God damn is this game a mess. While I admire the attempt to translate an MMORPG into a single player experience, the combat ruined any goodwill that concept created. It definitely needed a few more design passes. Attacks are slow, enemies are fast (especially late game), and crowd control (from said enemies) is plentiful. More than once, I got stun-locked by enemy magic, which is AOE and cements you and your party in place, until I got lucky with enemy cast cycles or I died. To make things even worse, all items and skills have to be menu-ed...EVERY. SINGLE. TIME. There are no hotkeys. There are no quick buttons. Many times, I would have the main character stand back and watch the AI fight the enemy as I menu-ed over and over again, throwing out potions or resurrects as needed. It becomes tedious and boring very quickly, with the occasional dip into frustration. All of this combat is done in randomly generated dungeon zones consisting of sets of monster and the occasional chest (most of which contain junk)

This tediousness extends outside of battle as well. In a typical RPG, you would assign gear to your party members all in the same window. Not in this game though. Remember that it's trying to mimic an MMO, so your party members are, within the fiction of the game, "real" people playing avatars. Thus, to give your party members better gear you have to 1) go to the status window and check the level of their gear; 2) go into your inventory and check the level of the new gear, making sure it is a higher level then the old gear; 3) find them in town (they will run off to "shop"); and finally 4) Talk to them and gift them the new gear which they then equip.

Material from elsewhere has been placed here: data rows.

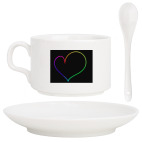 Кофейный набор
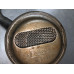 69L005 Engine Oil Pickup Tube For 11-13 Ford F-150  5.0 M326A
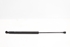 Picture of Amortecedor de mala Peugeot 207 de 2006 a 2009 | 9650780480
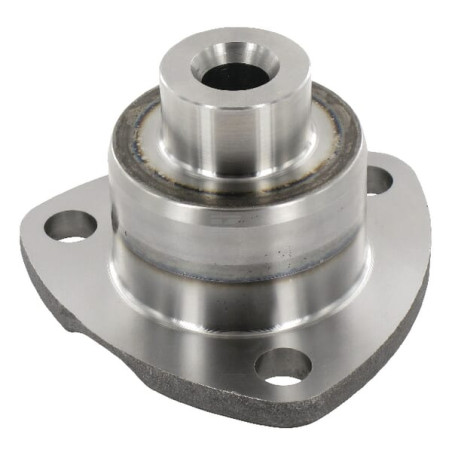 Pivot d'attelage CASE IH 87345372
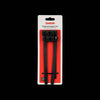 Simson ringslot montageset flex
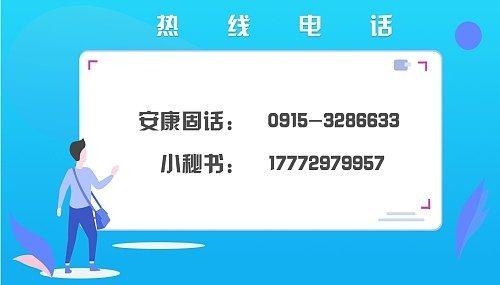 57岁男子右手瘢痕畸形反复破溃，安康市人民医院运用游离皮瓣技术成功治疗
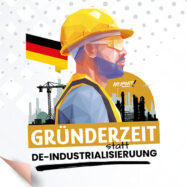 ig_gruenderzeit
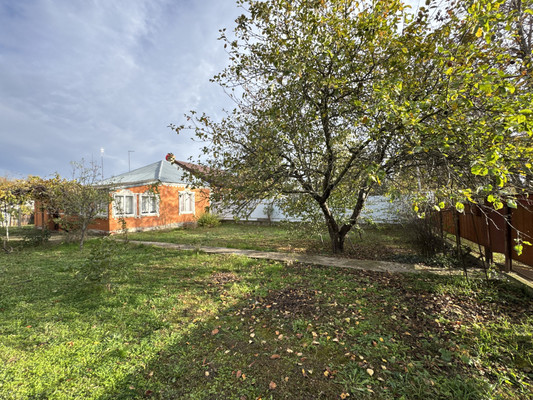 Продам дом, Коммунистическая ул, Прохладный п, 0 км от города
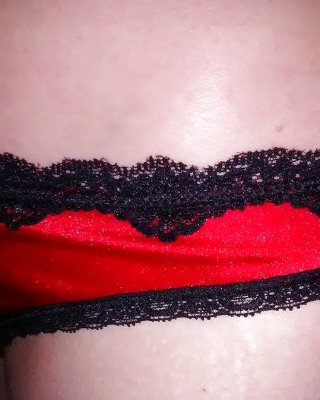 Miss X #28028415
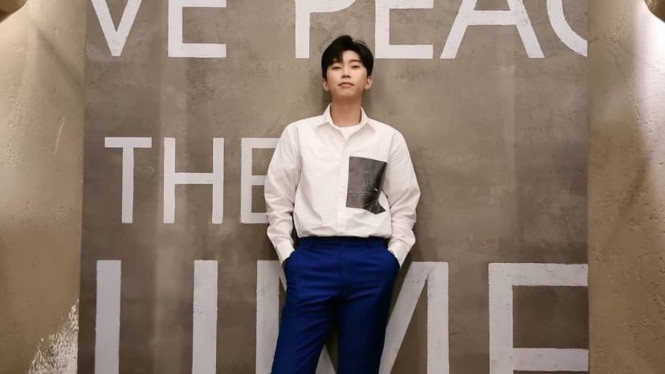 Instagram/im_hero___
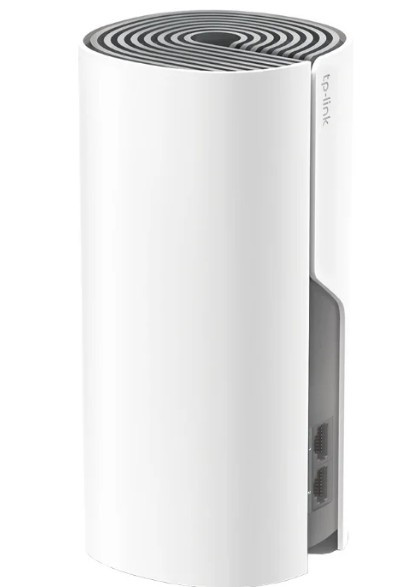 Домашняя Mesh Wi-Fi система TP-LINK Deco E3(2-pack), AC1200 Домашняя Mesh Wi-Fi система TP-LINK Deco E3(2-pack), AC1200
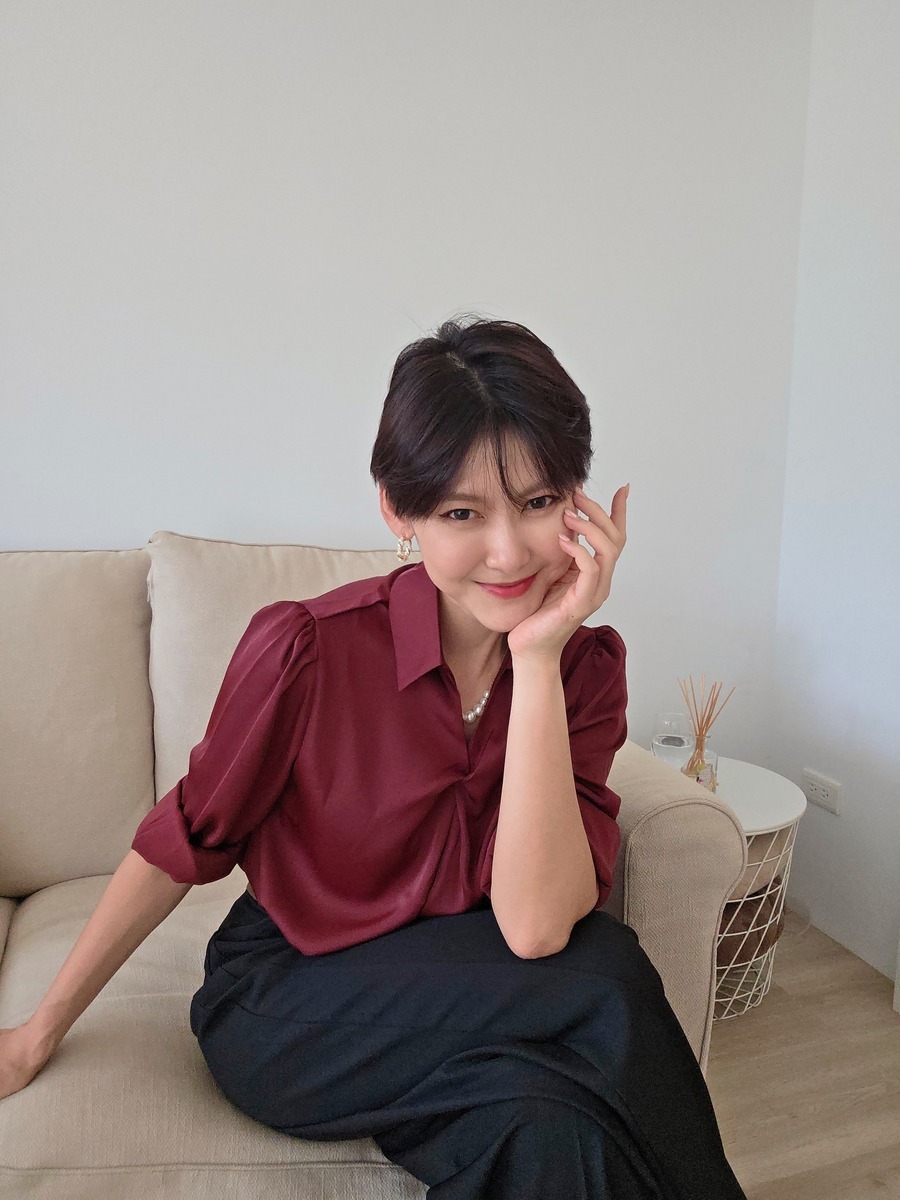 MEITU_20260918_061034088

As you read these words you might think to yourself: "Isn't there 3 more .Hack games? Maybe they fix these issues in the sequels." Oh no no. The next three games are not really sequels in the normal sense. Transitioning parts in .Hack is more like transitioning discs in a PS1 Final Fantasy game. Its the same game. No updated graphics. No fixes to underbaked mechanics. You pick up the new game in the exact same place you left the previous game. Its one ~80 hour game split into 4 ~20 hour games. And honestly, this would not bother me near as much as it does if the combat were any fun at all to engage in, but slogging through 20 hours only to get to part 2 and realize I have 40 - 60 more is a bit disheartening. I will probably finish the other 3 parts at some point, but I will need loooong breaks between each.